Problem description: Please restate each entry below, word for word.

Material for the task:

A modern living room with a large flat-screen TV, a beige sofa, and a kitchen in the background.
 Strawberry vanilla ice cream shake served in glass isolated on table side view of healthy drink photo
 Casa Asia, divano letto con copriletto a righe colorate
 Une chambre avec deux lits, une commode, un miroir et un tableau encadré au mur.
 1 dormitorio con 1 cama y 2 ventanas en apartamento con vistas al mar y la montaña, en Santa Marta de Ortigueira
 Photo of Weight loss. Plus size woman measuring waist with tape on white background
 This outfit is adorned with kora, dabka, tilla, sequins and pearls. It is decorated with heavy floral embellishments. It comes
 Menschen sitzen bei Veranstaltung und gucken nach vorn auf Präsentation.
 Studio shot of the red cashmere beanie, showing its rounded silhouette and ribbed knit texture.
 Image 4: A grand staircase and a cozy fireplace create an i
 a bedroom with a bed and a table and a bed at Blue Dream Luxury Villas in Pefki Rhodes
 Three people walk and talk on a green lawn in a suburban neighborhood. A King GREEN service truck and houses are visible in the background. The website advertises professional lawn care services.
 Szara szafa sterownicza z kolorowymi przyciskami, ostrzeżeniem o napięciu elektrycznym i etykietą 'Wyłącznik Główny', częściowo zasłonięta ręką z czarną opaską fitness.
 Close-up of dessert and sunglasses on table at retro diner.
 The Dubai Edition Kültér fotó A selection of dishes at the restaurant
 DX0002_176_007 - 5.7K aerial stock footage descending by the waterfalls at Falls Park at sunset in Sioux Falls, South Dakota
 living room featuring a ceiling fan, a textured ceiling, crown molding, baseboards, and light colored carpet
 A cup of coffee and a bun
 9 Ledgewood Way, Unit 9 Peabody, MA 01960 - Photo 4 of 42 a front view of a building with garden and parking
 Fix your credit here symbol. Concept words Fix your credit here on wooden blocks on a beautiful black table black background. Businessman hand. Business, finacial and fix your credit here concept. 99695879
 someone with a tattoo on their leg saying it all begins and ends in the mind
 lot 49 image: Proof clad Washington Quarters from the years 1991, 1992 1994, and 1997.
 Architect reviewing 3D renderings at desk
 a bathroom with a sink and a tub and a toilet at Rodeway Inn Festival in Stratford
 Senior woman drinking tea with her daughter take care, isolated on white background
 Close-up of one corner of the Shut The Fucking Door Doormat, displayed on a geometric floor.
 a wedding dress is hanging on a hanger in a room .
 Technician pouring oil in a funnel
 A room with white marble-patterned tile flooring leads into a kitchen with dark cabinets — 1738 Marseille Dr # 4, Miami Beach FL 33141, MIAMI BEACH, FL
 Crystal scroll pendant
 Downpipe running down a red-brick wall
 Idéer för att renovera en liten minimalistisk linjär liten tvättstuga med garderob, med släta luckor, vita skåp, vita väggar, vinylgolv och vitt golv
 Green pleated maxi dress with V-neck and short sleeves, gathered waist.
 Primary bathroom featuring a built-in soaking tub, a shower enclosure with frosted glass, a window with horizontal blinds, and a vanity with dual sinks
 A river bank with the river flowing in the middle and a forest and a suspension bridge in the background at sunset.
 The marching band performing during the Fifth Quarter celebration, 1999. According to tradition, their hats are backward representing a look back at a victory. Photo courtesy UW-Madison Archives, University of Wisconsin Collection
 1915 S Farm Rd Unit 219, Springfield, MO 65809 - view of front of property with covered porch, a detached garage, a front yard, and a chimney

Solution for this task:
A modern living room with a large flat-screen TV, a beige sofa, and a kitchen in the background.
 Strawberry vanilla ice cream shake served in glass isolated on table side view of healthy drink photo
 Casa Asia, divano letto con copriletto a righe colorate
 Une chambre avec deux lits, une commode, un miroir et un tableau encadré au mur.
 1 dormitorio con 1 cama y 2 ventanas en apartamento con vistas al mar y la montaña, en Santa Marta de Ortigueira
 Photo of Weight loss. Plus size woman measuring waist with tape on white background
 This outfit is adorned with kora, dabka, tilla, sequins and pearls. It is decorated with heavy floral embellishments. It comes
 Menschen sitzen bei Veranstaltung und gucken nach vorn auf Präsentation.
 Studio shot of the red cashmere beanie, showing its rounded silhouette and ribbed knit texture.
 Image 4: A grand staircase and a cozy fireplace create an i
 a bedroom with a bed and a table and a bed at Blue Dream Luxury Villas in Pefki Rhodes
 Three people walk and talk on a green lawn in a suburban neighborhood. A King GREEN service truck and houses are visible in the background. The website advertises professional lawn care services.
 Szara szafa sterownicza z kolorowymi przyciskami, ostrzeżeniem o napięciu elektrycznym i etykietą 'Wyłącznik Główny', częściowo zasłonięta ręką z czarną opaską fitness.
 Close-up of dessert and sunglasses on table at retro diner.
 The Dubai Edition Kültér fotó A selection of dishes at the restaurant
 DX0002_176_007 - 5.7K aerial stock footage descending by the waterfalls at Falls Park at sunset in Sioux Falls, South Dakota
 living room featuring a ceiling fan, a textured ceiling, crown molding, baseboards, and light colored carpet
 A cup of coffee and a bun
 9 Ledgewood Way, Unit 9 Peabody, MA 01960 - Photo 4 of 42 a front view of a building with garden and parking
 Fix your credit here symbol. Concept words Fix your credit here on wooden blocks on a beautiful black table black background. Businessman hand. Business, finacial and fix your credit here concept. 99695879
 someone with a tattoo on their leg saying it all begins and ends in the mind
 lot 49 image: Proof clad Washington Quarters from the years 1991, 1992 1994, and 1997.
 Architect reviewing 3D renderings at desk
 a bathroom with a sink and a tub and a toilet at Rodeway Inn Festival in Stratford
 Senior woman drinking tea with her daughter take care, isolated on white background
 Close-up of one corner of the Shut The Fucking Door Doormat, displayed on a geometric floor.
 a wedding dress is hanging on a hanger in a room .
 Technician pouring oil in a funnel
 A room with white marble-patterned tile flooring leads into a kitchen with dark cabinets — 1738 Marseille Dr # 4, Miami Beach FL 33141, MIAMI BEACH, FL
 Crystal scroll pendant
 Downpipe running down a red-brick wall
 Idéer för att renovera en liten minimalistisk linjär liten tvättstuga med garderob, med släta luckor, vita skåp, vita väggar, vinylgolv och vitt golv
 Green pleated maxi dress with V-neck and short sleeves, gathered waist.
 Primary bathroom featuring a built-in soaking tub, a shower enclosure with frosted glass, a window with horizontal blinds, and a vanity with dual sinks
 A river bank with the river flowing in the middle and a forest and a suspension bridge in the background at sunset.
 The marching band performing during the Fifth Quarter celebration, 1999. According to tradition, their hats are backward representing a look back at a victory. Photo courtesy UW-Madison Archives, University of Wisconsin Collection
 1915 S Farm Rd Unit 219, Springfield, MO 65809 - view of front of property with covered porch, a detached garage, a front yard, and a chimney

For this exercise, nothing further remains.